Patrick Bruel accusé par huit femmes de violences sexuelles
Patrick Bruel, icône de la chanson française depuis les années 1980, est visé par les récits de huit femmes issues des milieux de la musique, du théâtre, du cinéma et du sport, qui décrivent des comportements à connotation sexuelle qu’elles jugent violents ou inappropriés sur une période allant de 1992 à 2019. Deux plaintes pénales ont été déposées et rendues publiques en 2026, relançant l’attention sur des faits qui avaient déjà fait l’objet de signalements en 2019.

SOMMAIRE
Selon les éléments divulgués, l’une des plaintes, déposée le 12 mars 2026, concerne une accusation de tentative de viol et d’agression sexuelle examinée par le parquet de Paris. Une seconde procédure est instruite par le parquet de Saint‑Malo, qui porte sur une plainte pour viol relative à des faits présumés datant d’octobre 2012 lors du Festival du Film britannique de Dinard. Des signalements similaires avaient été examinés en 2019, mais des enquêtes ouvertes à l’époque avaient été classées sans suite en 2020, le parquet estimant l’absence d’élément pénal caractérisé.

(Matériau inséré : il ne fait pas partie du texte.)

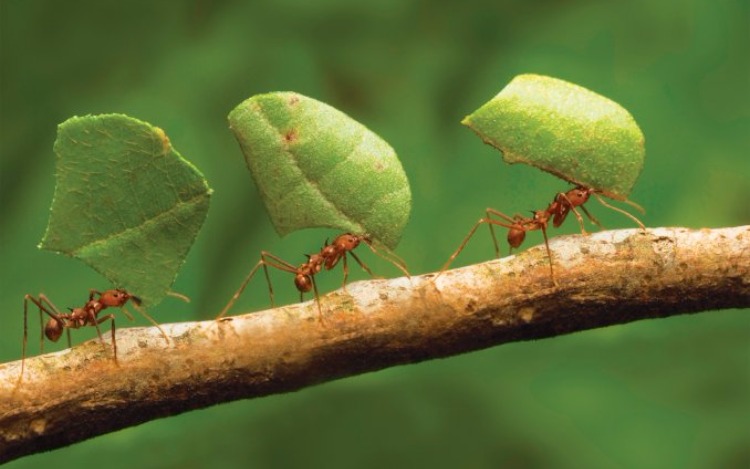 Hormigas: Gigantes de la naturaleza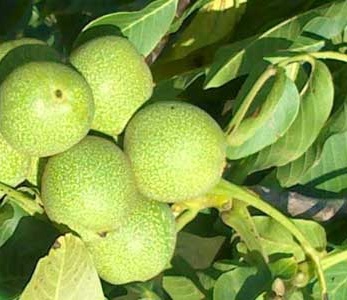 قیمت گردو نهال یالووا قیمت نهال گردو یالووا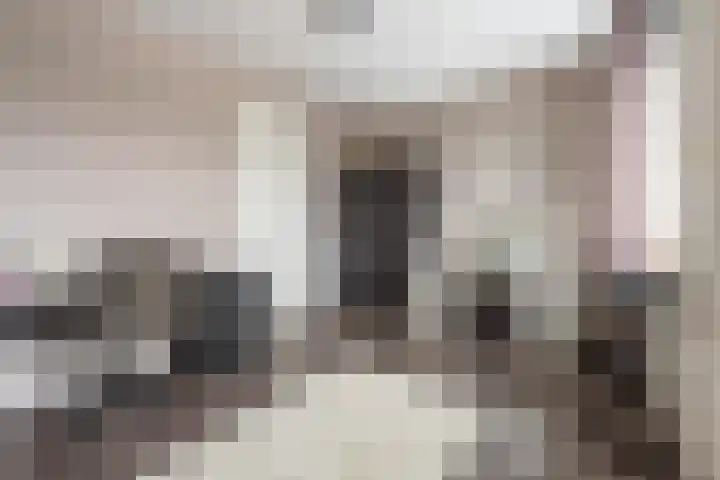 Pimpernelblauwtje 13 Tiel thumbnail 39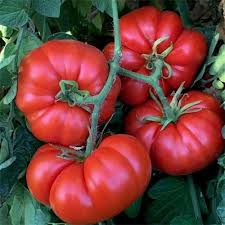 Heirloom Tomato Seeds – Large Juicy Beefsteak Variety – Solanum lycopersicum for Slicing & Sandwiches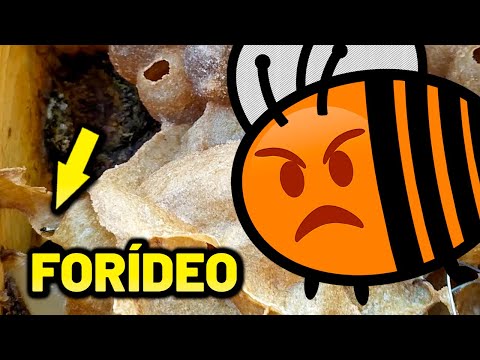 Vídeo: O que é fornecido à larva pela abelha?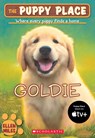 Goldie (the Puppy Place #1): Volume 1 - Ellen Miles - 9780439793797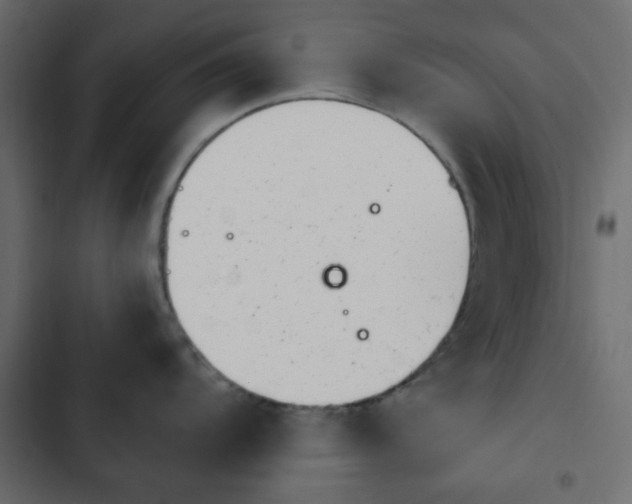 X0000103931104200809261658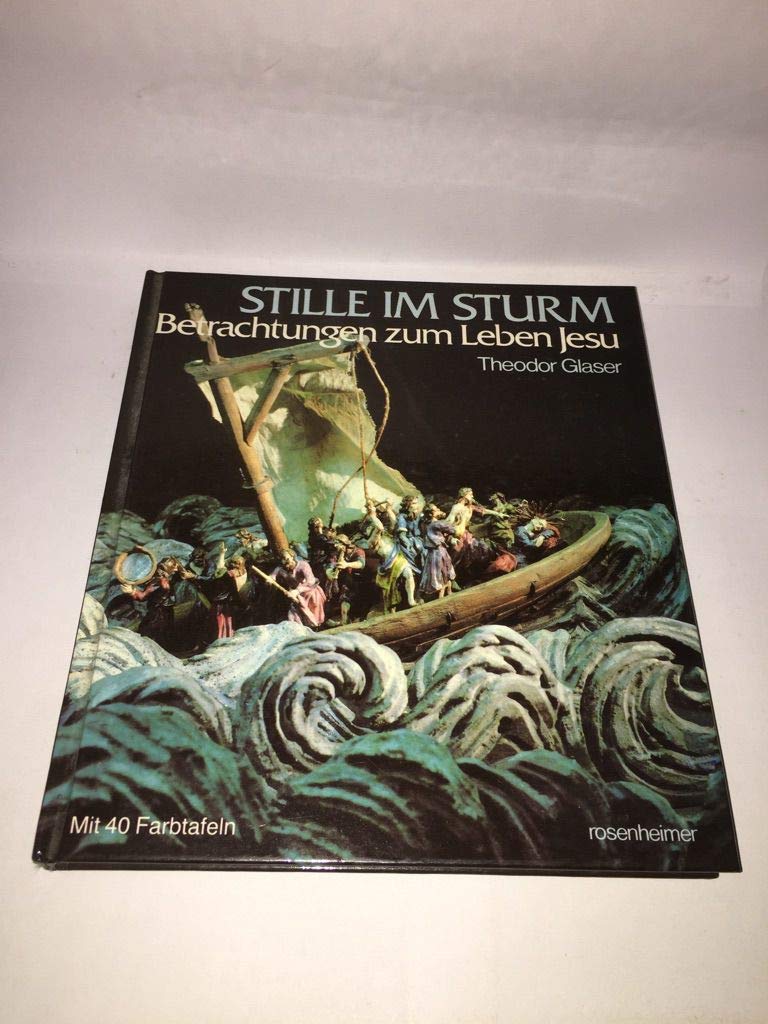 Stille im Sturm. Betrachtungen zum Leben Jesu Religion & Esotericism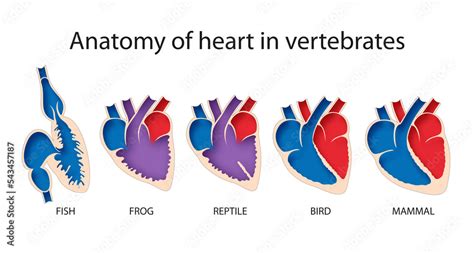 Comparative anatomy of heart in vertebrates diagram Stock Illustration ...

Les récits publiés en 2026 couvrent des contextes professionnels variés — tournées, plateaux de théâtre, festivals de cinéma, compétitions sportives — et plusieurs témoins décrivent des pressions ou des gestes non consentis. L’information a été relayée par plusieurs médias, qui rapportent à la fois les témoignages des plaignantes et la position de la défense.
Les témoignages détaillés et la prise de parole de Daniela Elstner
Parmi les personnes ayant pris la parole, Daniela Elstner, directrice générale d’Unifrance depuis 2019, occupe une place centrale. Elle situe les faits qu’elle dénonce en novembre 1997, lors d’un festival du film français à Acapulco, alors qu’elle était assistante. Elle raconte avoir été entraînée dans une voiture puis conduite vers une chambre d’hôtel où, affirme-t-elle, l’homme l’aurait embrassée de force, déshabillée et touchée à plusieurs reprises avant qu’elle ne parvienne à s’enfuir.
Interrogée par Mediapart, Daniela Elstner a justifié sa décision de parler près de trente ans après les faits en déclarant : « Ce que je veux, c’est que cette fois on m’entende, et qu’on ne puisse plus dire qu’on ne savait pas. » Elle a également indiqué déposer une plainte, en précisant : « Aujourd’hui, je suis prête à parler, et je dépose une plainte que j’aurais dû déposer il y a trente ans ».
Les autres témoignages rendus publics font état de situations diverses : l’une des plaignantes affirme avoir subi un baiser imposé à l’âge de quinze ans lors de l’US Open, une autre évoque une relation qu’elle qualifie de « consentie mais non désirée » suivie, selon elle, d’un acte sexuel imposé au domicile de l’artiste. Une styliste rapporte un baiser forcé et des mains sur ses parties intimes en loge, tandis que des masseuses et esthéticiennes décrivent des sollicitations sexuelles insistantes dans des hôtels à Cannes et à Ajaccio.
Dans la couverture médiatique, l’avocat de Patrick Bruel est cité affirmant que son client « conteste et réfute toute ‘violence’ ou ‘contrainte' » et assurant, selon L’Internaute, « n’avoir jamais outrepassé un refus, jamais forcé à un geste ou un rapport sexuel ».